Above Suspicion is presented on Blu-ray courtesy of Lionsgate Films with an AVC encoded 1080p transfer in 2.40:1. The closing credits for the film thank Arri Alexa cameras, so I'm assuming that's how the film was shot and/or captured, and I'm also assuming there was a 2K DI. This has both the pluses and minuses that I often cite in Alexa material I've personally reviewed. When lighting conditions allow, detail levels are often superb, with nice, precise renderings on everything from fabrics to facial pores. Even in some heavily graded material, fine detail is still quite evident more often than not, and as can be seen in several of the screenshots accompanying this review, Above Suspicion tends to ping pong between blue and yellow sequences, with only relatively rare "normal" grading employed. The major minus in this presentation is the frequent murkiness of some of the most dimly lit material, and in that regard it's perhaps arguable that the yellow grading tends to add to the perception of haziness more than the blue material.

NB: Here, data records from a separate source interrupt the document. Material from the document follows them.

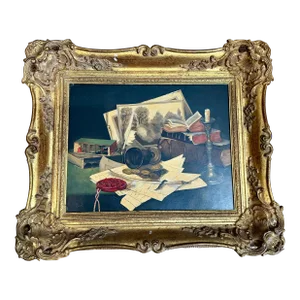 Framed Still Life Oil Painting by Bert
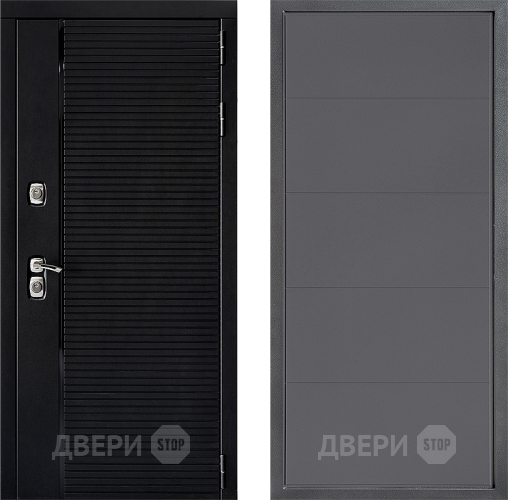 Входная металлическая Дверь Дверной континент ДК-1 ФЛ-649 Графит софт в Зеленоград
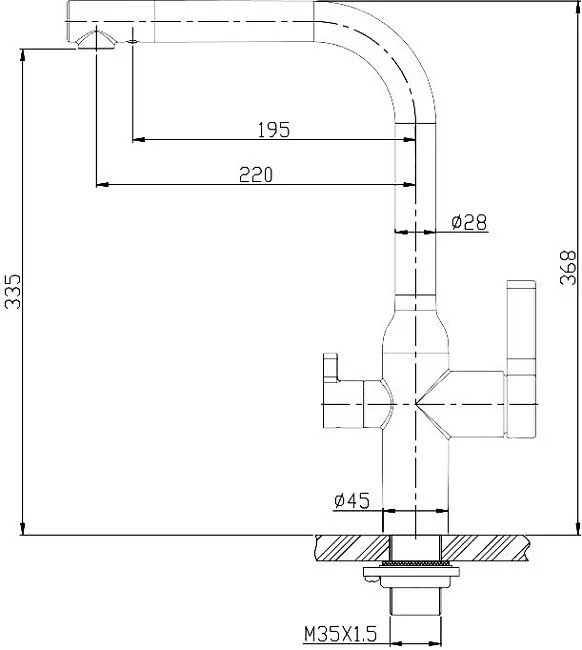 Смеситель для кухни BelBagno BB-LAM57-IN Sancos — Оригинал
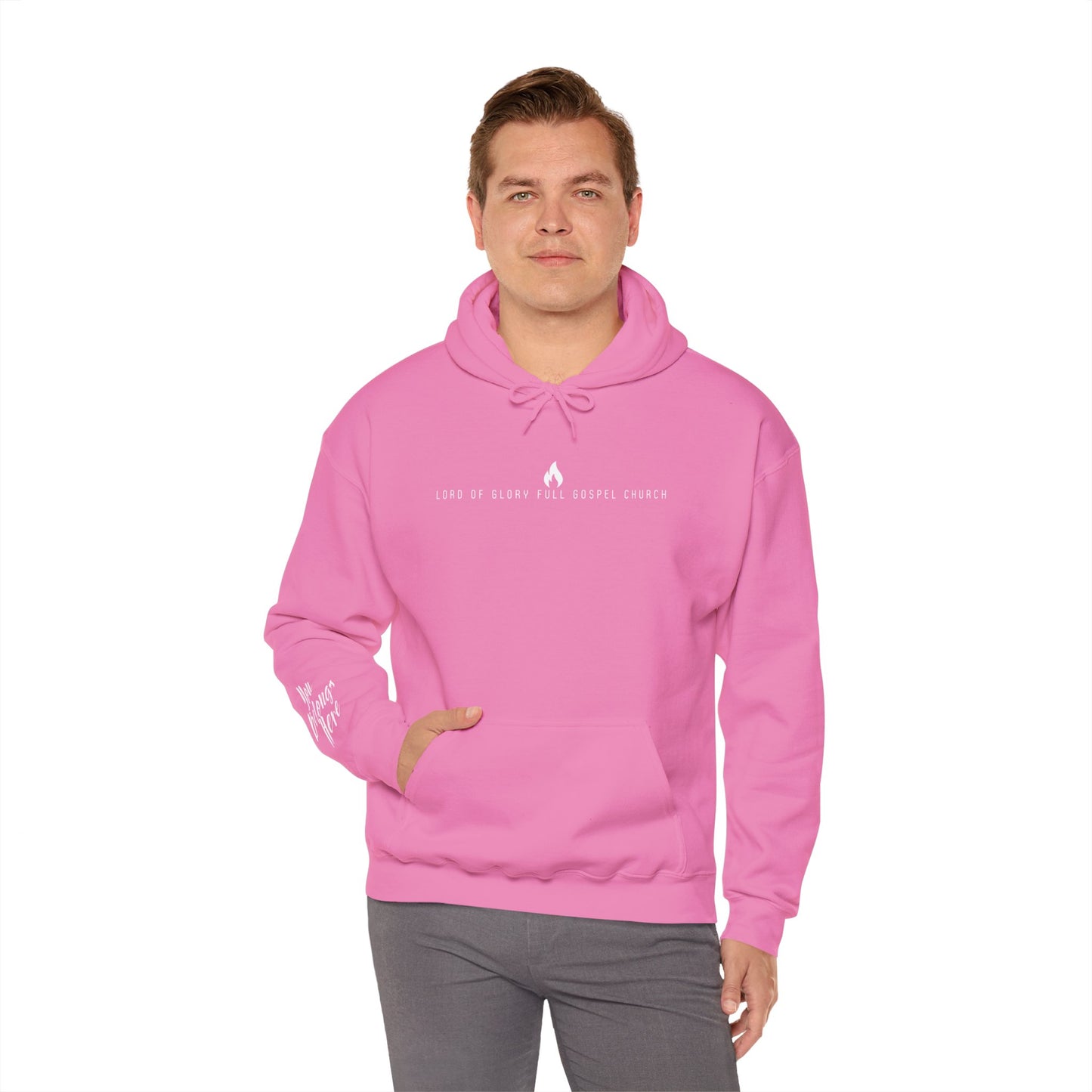 LOG Hoodie: Inspirational Unisex Hooded Sweatshirt for Faith & Comfort, Church Apparel, Cozy Gift for Friends & Family, Everyday Wear, Gospel Message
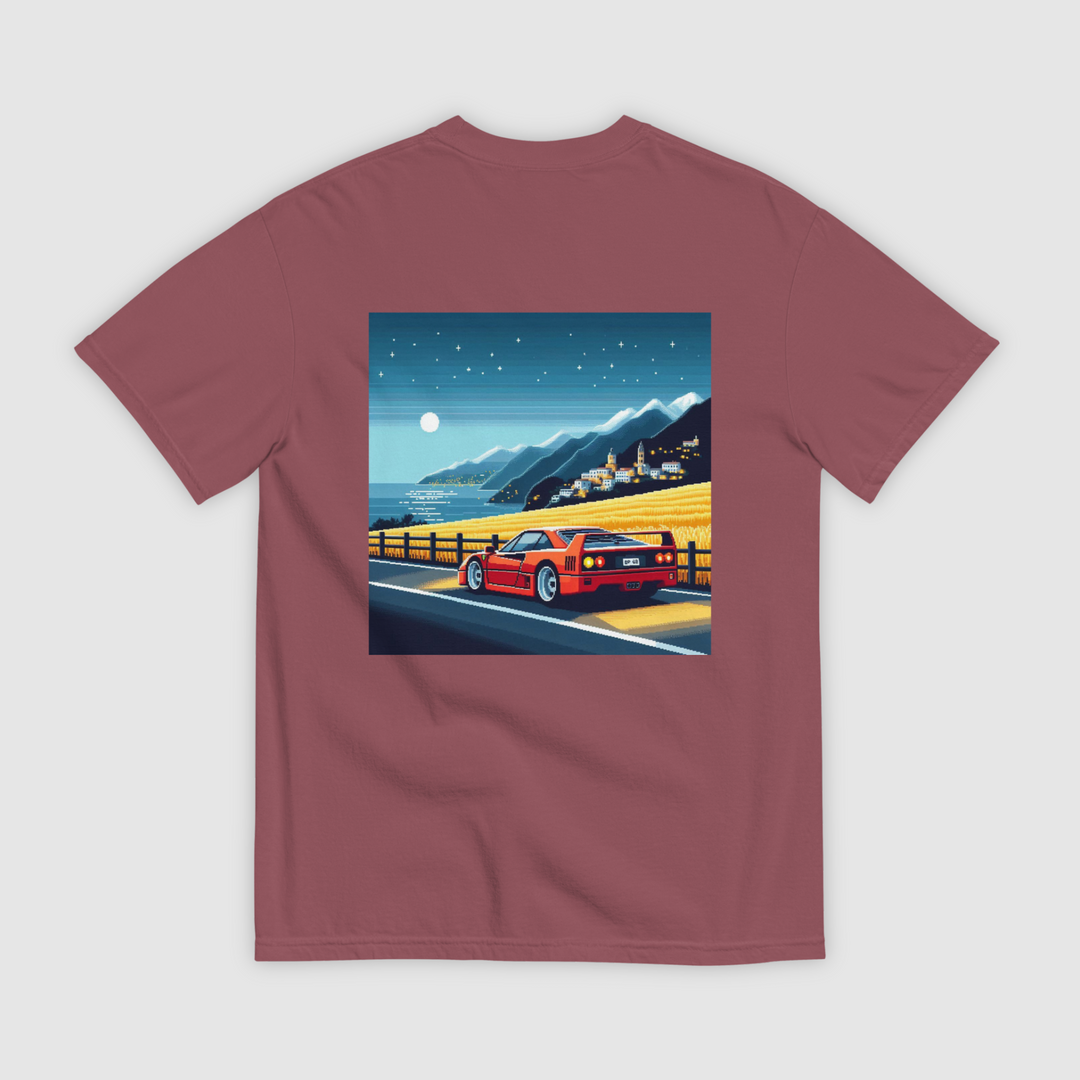 F40 IN ITALY PIXEL ART T-SHIRT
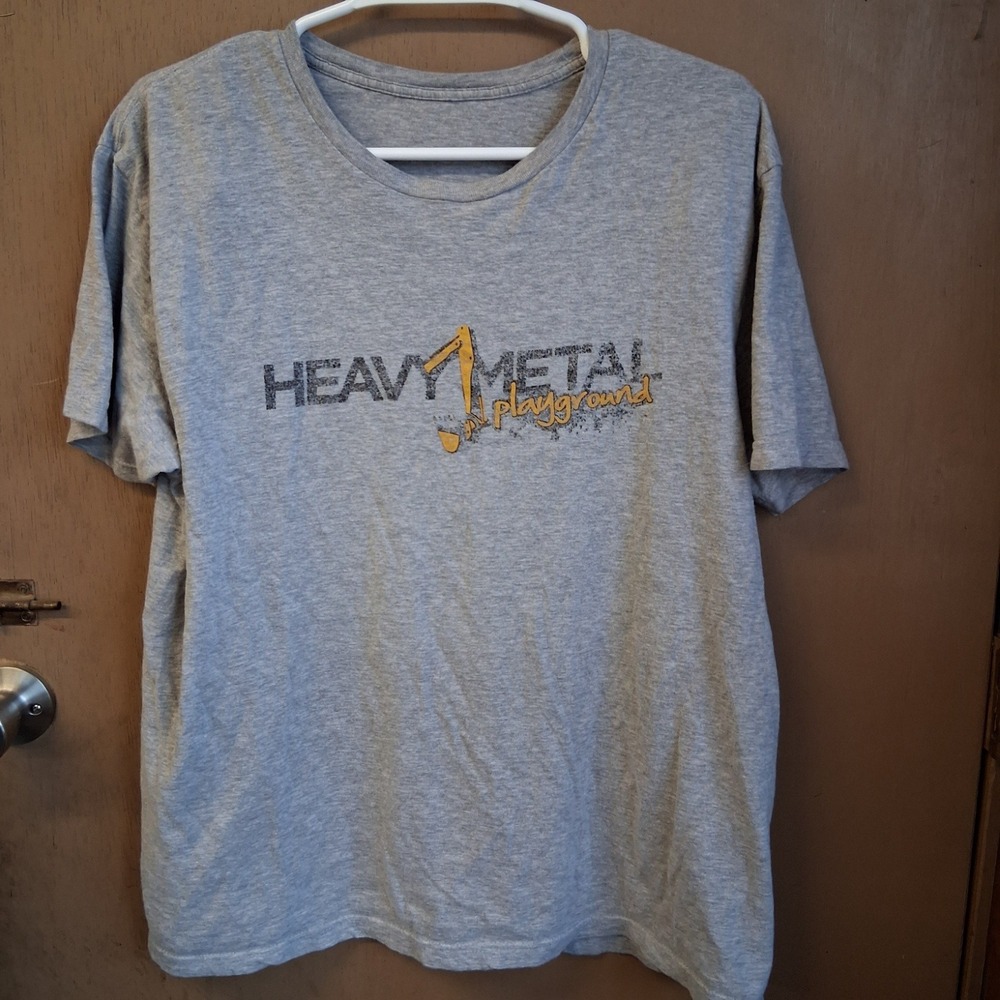 Heavy Metal Playground Tee Large Cut Tag Heavy Equipment EUC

Above Suspicion Blu-ray Movie, Audio Quality  4.0 of 5

Above Suspicion features a DTS-HD Master Audio 5.1 mix that features some intermittent immersion in some of the outdoor material, where ambient environmental sounds can waft through the surround channels, as well as a couple of more hyperbolic sequences where various mayhem breaks out. Some of the interior material, as in some of the domestic scenes in the double wide shared by Cash and Susan, can at least occasionally offer good directionality. Dialogue is rendered cleanly and clearly with no problems whatsoever. Optional English and Spanish subtitles are available.


Above Suspicion Blu-ray Movie, Special Features and Extras  0.5 of 5

  • Dangerous Ambitions: Making Above Suspicion (HD; 19:28) is a decent EPK with a bunch of interviews. Director Philip Noyce sounds like he's reading from a script to me.


Above Suspicion Blu-ray Movie, Overall Score and Recommendation  2.5 of 5

Emilia Clarke is probably the best reason to check out Above Suspicion, a film which purports to be "ripped from the headlines", which it actually is, at least in its broader outlines, but which wants to tart up the proceedings with "colorful" supporting characters and stylistic flourishes which seem patently at odds with a supposedly "based on true life" tale. Since the story begins at the end, so to speak, there's too little suspense despite a surplus of psychological angst demonstrated by several key characters. Technical merits are generally solid for those who are considering a purchase.